Fortunately, I did have someone who was a constant source of inspiration and was sort of a mentor to me in high school as I wrote and considered writing to be part of my immediate future.
I went to John Bowne High School in Flushing, NY, and was part of their Center for Writing program. Being a freshman in a school where you know no one is intimidating enough. You want to make an impression, friends, and settle yourself into a niche. Weeks into my start at Bowne one teacher proved to be more interesting (and interested in what us students had to say) than the rest. This woman would become my mentor and motivator. Her name is Janet Feldberg. Ms. Feldberg was one of the more senior teachers there and the advisor for the freshman/sophomore writing magazine Pendemonium. She had a Mother Earth quality about her that made everyone like her. She treated her students like equals, not like kids. She was our educator, but she respected us and so everyone respected her.
Ms. Feldberg encouraged us when it came to reading the classics. As she watched our eyes glaze over in trying to recall the metaphors of Moby Dick or the characterizations in The Great Gatsby, she never showed frustration just encouragement. And in doing so with analysis of text she also encouraged us when it came to the creation of prose.
As a teen I was really into R.L. Stine's Fear Street series and also tagged onto my mother's fascination with Stephen King. Yes, I read The Babysitter's Club and Sweet Valley High, but I saw myself writing things that went way deeper than that and by deeper I mean my stories were meant to make readers laugh and scare the crap out of them.
I submitted my first story, "Terror at Bowne," to Ms. Feldberg with few expectations. Yet, within a day she pulled me aside and thought it was a vibrant story. It starred my best friend, a couple other friends, and myself as we realized our freshman year at Bowne was not what it seemed. There were monsters afoot! Perhaps one could consider it an allegory for the way teenagers feel when they start at a new school alone that they picture the worst happening and find camraderie with others when bad things come to play. But at the time, it was just fun to write. The villain of the story was a disliked history teacher who refused to allow her name on the page. So Ms. Feldberg offered to become the "terror" and published it in Pendemonium that year. I remember when she read it aloud in one of our computer writing classes and the response it got from my classmates. They were engaged even rooting for the ending. It was then I realized I probably had a calling when it came to this whole writing thing.

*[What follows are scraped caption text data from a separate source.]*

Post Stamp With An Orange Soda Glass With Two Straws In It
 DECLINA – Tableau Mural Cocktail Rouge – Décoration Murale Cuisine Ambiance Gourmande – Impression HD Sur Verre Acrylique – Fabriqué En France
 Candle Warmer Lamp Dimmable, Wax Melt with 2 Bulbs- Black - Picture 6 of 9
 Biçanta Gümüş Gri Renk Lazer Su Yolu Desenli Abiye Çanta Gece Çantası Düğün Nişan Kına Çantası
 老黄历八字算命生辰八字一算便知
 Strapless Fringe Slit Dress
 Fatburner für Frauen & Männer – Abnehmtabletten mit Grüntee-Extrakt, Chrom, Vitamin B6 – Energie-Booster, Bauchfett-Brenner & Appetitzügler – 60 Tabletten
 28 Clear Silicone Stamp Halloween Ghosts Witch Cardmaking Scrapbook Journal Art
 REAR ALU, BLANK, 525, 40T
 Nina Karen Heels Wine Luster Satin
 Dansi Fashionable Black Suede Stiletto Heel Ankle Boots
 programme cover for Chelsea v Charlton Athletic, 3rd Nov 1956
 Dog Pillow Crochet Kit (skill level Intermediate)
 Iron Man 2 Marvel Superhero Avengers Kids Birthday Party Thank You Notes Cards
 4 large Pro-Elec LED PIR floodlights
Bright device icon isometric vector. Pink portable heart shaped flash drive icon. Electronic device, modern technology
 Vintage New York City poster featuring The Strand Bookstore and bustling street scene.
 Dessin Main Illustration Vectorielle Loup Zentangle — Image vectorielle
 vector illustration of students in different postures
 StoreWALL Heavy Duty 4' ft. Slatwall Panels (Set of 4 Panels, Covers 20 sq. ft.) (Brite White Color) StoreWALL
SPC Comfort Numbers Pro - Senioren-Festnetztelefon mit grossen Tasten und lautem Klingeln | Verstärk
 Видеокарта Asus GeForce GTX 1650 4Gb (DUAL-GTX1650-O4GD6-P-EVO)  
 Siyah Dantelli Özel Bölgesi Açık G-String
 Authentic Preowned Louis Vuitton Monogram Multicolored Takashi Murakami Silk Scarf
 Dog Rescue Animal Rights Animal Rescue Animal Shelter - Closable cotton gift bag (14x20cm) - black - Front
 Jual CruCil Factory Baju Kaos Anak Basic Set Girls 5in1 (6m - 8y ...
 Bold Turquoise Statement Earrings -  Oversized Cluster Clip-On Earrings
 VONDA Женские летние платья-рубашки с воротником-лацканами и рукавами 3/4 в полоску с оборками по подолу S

Over the years Ms. Feldberg continued to praise and help me with my work. When I attempted poetry, inspired by Dickinson and auspiciously mimicking her voice Ms. Feldberg understood what I was really talking about after weeding through the imagery and metaphors and earthly comparisons. She praised another poem I wrote based off a prompt and encouraged me to be an advocate for the CFW program at Open Houses. She was happy to read a sequel to "Terror at Bowne" and again offered her name as the villain who rose from the grave. She was my biggest supporter in those years and as I moved on to run the student government and worry about budgets and advertising and keeping a student body inline, my writing began to lose its importance in my life.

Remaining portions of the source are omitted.